Dutch missionary and bishop (1840–1900)

Ferdinandus Hubertus Hamer C.I.C.M. (born 21 August 1840 in Nijmegen, Netherlands, died 23 July 1900 in To Tsjeng, Inner Mongolia, China) was a Catholic missionary to China and bishop who was killed in the Boxer Rebellion in China.

==Biography==
Father Ferdinand Hamer was one of the first group of five missionary priests and brother from the congregation of Congregatio Immaculati Cordis Mariae who went to Inner Mongolia in China from Belgium in 1865. His three colleagues, among them the congregation's leader, Father Theophiel Verbist, died quickly, and then Father Hamer was left to return alone, although he had some lay workers to help him.

Later, he became better with the language and the missionary work. In 1878, he was the first bishop to have responsibility for the apostolic vicariate of Gansu. In 1889 he was sent by the Pope to the apostolic vicariate of Southwest-Mongolia. Although he had problems again with language, the Chinese noted his extraordinary helpfulness and devotion.

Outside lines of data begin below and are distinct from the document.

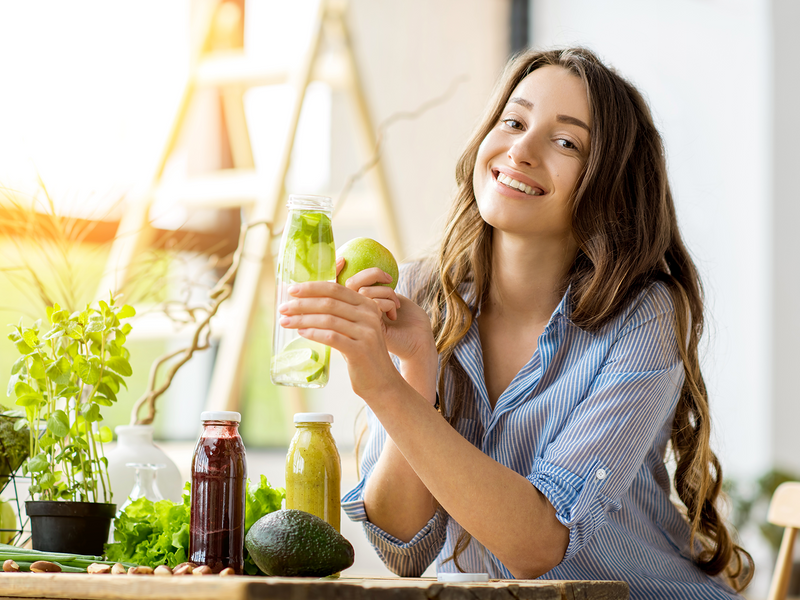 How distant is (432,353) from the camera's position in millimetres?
1166

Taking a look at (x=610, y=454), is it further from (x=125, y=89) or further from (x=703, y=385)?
(x=125, y=89)

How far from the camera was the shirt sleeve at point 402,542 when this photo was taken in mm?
1261

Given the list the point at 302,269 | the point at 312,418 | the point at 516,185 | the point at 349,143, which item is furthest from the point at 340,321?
the point at 349,143

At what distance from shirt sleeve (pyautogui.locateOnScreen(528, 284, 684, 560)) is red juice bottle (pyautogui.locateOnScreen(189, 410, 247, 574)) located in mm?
390

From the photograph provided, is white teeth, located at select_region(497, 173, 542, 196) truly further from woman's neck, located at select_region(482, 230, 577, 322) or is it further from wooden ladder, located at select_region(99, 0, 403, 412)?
wooden ladder, located at select_region(99, 0, 403, 412)

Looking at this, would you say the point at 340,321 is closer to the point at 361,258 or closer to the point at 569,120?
the point at 361,258

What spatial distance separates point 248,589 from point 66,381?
52cm

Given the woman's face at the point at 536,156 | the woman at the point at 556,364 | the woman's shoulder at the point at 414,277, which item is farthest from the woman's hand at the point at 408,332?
the woman's shoulder at the point at 414,277

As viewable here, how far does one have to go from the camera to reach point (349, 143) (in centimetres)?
325

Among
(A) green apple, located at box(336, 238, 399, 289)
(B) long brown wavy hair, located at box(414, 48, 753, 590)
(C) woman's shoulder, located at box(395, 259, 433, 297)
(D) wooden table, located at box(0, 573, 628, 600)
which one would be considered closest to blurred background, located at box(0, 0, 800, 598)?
(C) woman's shoulder, located at box(395, 259, 433, 297)

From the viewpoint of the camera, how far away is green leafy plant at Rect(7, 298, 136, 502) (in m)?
1.01

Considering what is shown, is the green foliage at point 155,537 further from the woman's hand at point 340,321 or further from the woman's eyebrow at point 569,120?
the woman's eyebrow at point 569,120

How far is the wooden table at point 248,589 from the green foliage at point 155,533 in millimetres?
239

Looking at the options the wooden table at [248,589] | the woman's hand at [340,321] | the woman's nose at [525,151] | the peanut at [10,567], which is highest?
the woman's nose at [525,151] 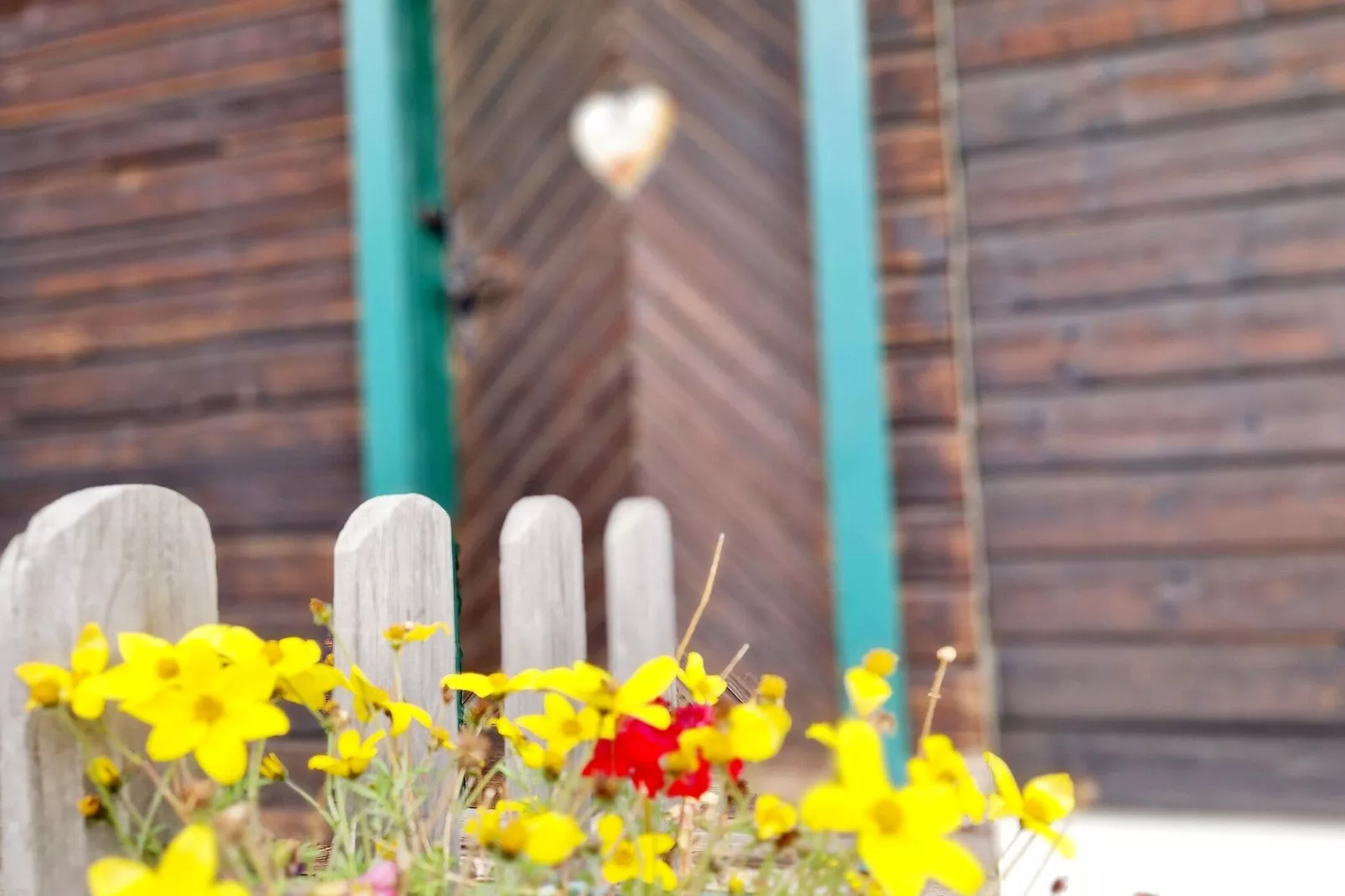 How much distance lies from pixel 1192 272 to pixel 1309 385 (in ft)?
0.95

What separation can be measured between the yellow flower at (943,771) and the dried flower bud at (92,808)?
45 centimetres

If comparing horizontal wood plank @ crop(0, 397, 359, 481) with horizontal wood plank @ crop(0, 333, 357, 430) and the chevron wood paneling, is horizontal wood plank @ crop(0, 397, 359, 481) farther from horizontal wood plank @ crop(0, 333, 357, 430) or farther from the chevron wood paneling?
the chevron wood paneling

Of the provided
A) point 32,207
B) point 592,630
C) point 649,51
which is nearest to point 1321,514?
point 592,630

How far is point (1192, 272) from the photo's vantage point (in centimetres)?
190

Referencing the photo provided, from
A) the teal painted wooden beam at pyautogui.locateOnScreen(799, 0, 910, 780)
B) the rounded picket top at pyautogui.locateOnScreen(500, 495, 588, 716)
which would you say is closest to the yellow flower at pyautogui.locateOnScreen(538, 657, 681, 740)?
the rounded picket top at pyautogui.locateOnScreen(500, 495, 588, 716)

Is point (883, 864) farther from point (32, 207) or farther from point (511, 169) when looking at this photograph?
point (32, 207)

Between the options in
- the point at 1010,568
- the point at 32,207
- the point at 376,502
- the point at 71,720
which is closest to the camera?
the point at 71,720

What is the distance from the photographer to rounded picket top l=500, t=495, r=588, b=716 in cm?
92

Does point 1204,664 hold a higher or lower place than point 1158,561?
lower

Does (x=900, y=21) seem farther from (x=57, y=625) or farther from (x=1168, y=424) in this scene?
(x=57, y=625)

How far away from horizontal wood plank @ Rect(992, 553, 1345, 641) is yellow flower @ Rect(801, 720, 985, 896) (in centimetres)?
162

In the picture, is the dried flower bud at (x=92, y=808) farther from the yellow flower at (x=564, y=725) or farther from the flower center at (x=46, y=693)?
the yellow flower at (x=564, y=725)

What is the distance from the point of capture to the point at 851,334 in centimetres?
197

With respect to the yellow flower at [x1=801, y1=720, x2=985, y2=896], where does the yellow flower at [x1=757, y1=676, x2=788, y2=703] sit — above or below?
above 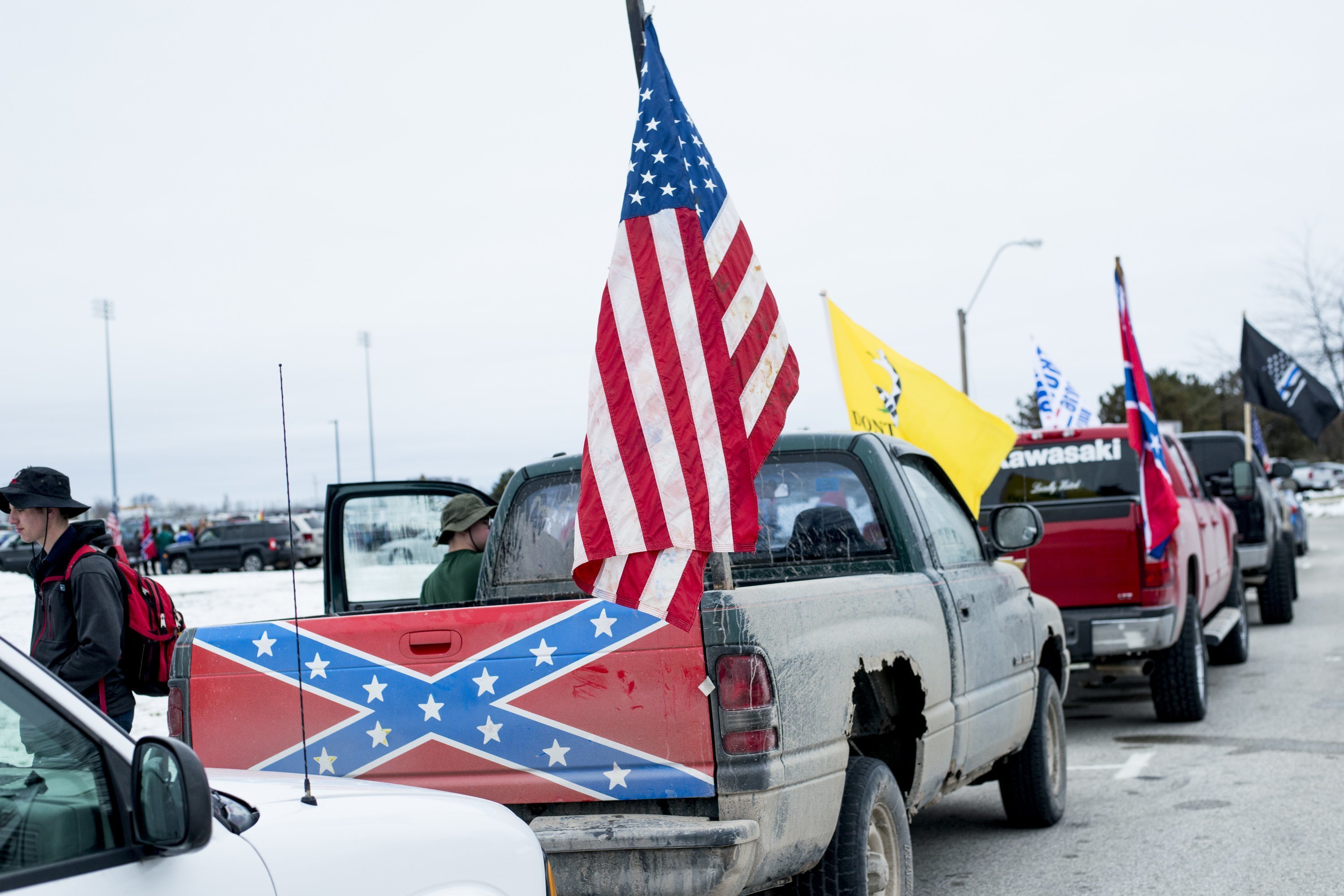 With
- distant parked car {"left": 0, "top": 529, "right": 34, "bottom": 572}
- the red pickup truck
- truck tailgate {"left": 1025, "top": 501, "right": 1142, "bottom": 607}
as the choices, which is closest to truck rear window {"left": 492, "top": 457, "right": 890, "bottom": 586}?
the red pickup truck

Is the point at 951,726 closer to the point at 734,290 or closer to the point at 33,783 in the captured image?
the point at 734,290

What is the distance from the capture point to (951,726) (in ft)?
16.9

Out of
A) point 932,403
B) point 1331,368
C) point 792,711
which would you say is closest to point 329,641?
point 792,711

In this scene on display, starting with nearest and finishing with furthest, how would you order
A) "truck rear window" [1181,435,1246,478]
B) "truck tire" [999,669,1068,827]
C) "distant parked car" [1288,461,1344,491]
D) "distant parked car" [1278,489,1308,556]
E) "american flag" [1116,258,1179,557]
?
1. "truck tire" [999,669,1068,827]
2. "american flag" [1116,258,1179,557]
3. "truck rear window" [1181,435,1246,478]
4. "distant parked car" [1278,489,1308,556]
5. "distant parked car" [1288,461,1344,491]

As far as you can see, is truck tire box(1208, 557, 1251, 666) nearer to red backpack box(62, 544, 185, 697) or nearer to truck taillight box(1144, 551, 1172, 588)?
truck taillight box(1144, 551, 1172, 588)

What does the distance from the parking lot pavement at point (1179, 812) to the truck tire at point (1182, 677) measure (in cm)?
14

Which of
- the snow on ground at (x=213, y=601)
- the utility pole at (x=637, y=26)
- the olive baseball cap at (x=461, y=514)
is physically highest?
the utility pole at (x=637, y=26)

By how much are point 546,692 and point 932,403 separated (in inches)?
213

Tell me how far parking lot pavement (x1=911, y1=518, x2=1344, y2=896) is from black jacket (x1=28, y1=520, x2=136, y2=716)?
3409mm

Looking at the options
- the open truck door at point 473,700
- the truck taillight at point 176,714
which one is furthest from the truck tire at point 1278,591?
the truck taillight at point 176,714

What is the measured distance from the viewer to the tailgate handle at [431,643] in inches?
154

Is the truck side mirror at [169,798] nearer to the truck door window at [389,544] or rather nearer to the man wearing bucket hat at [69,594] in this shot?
the man wearing bucket hat at [69,594]

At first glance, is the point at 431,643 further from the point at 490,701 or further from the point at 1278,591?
the point at 1278,591

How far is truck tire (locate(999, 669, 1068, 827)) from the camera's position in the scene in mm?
6711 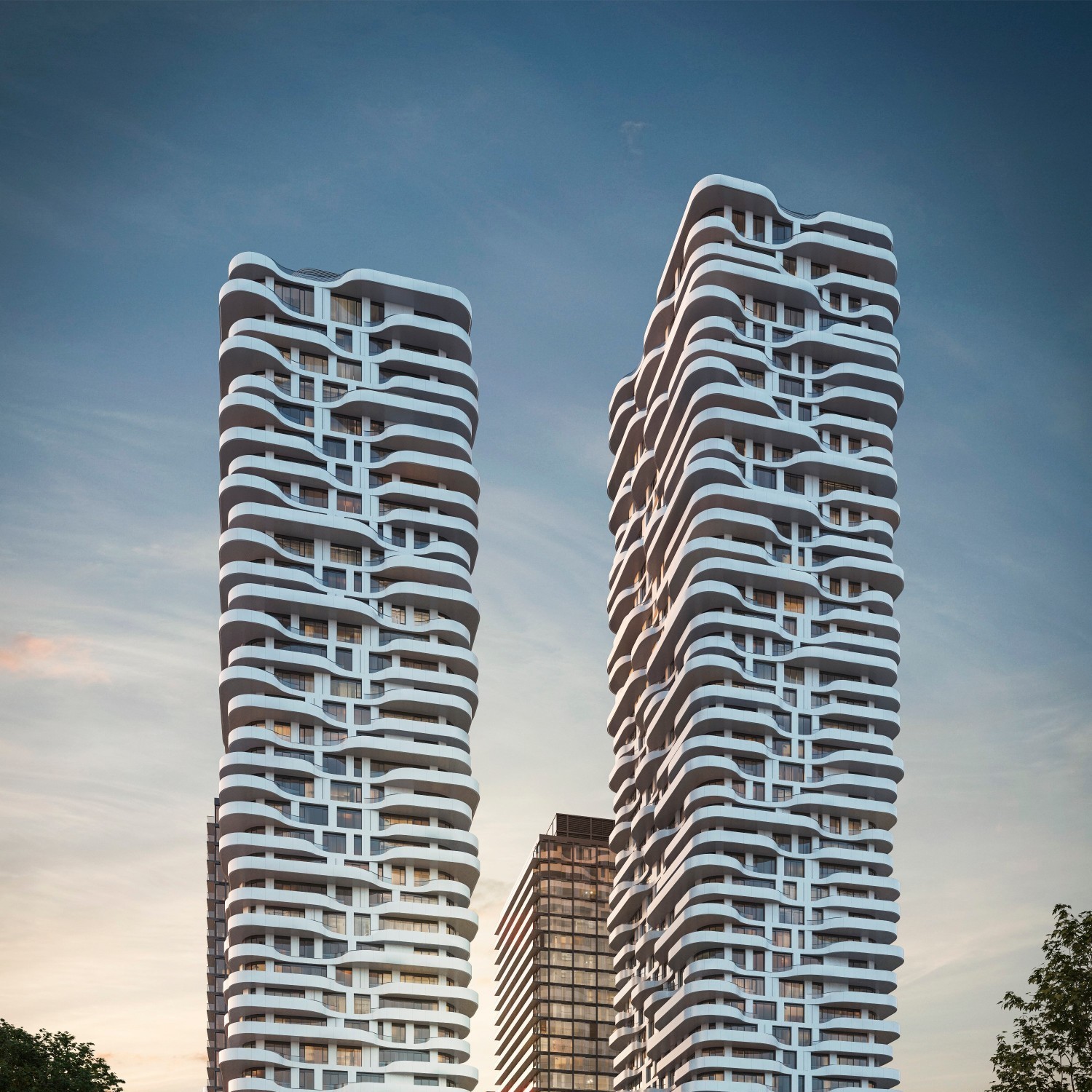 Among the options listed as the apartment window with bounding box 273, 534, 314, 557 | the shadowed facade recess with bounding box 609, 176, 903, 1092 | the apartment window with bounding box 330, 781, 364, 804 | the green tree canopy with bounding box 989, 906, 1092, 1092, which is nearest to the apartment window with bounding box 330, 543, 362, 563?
the apartment window with bounding box 273, 534, 314, 557

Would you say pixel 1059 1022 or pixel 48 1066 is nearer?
pixel 1059 1022

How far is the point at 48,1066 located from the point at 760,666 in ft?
255

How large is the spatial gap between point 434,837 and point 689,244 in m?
68.7

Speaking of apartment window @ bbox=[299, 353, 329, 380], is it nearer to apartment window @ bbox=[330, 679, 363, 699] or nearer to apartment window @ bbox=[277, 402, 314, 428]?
apartment window @ bbox=[277, 402, 314, 428]

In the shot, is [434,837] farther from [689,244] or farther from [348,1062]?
[689,244]

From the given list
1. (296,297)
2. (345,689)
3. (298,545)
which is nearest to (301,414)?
(296,297)

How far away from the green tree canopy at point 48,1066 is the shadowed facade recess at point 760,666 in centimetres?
5575

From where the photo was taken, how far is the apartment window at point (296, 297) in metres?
151

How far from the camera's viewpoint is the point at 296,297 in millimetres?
151625

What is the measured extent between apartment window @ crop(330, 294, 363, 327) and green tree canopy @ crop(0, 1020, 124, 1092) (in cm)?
7858

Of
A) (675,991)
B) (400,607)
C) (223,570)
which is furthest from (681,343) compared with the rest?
(675,991)

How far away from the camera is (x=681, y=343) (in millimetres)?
162875

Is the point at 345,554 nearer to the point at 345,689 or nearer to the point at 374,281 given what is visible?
the point at 345,689

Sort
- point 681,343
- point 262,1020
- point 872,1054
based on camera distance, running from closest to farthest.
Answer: point 262,1020, point 872,1054, point 681,343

In 1899, he was caught up in the anti-Christian Boxer Rebellion. In July and August 1900 the Boxers reached the area where Bishop Hamer was working. The Boxers took him to jail on 19 July, and four days later they subjected him to beatings, mockery, questioning, and torture. His nose, fingers and ears were cut off and all of his hair pulled out. That same day, 23 July, he was killed; three sticks were put together into a tripod, and an iron hook was placed at the top. The bishop was stripped and wrapped in a cotton cloth, and dunked in oil. He was then hanged by his feet from the hook with his head hanging down. The cloth was then set on fire. A loud scream was heard, and he died.

==Veneration==
A cause for Hamer's beatification was opened, and along with a number of companions he was declared a Servant of God. Theologians approved his spiritual writings on 7 January 1951.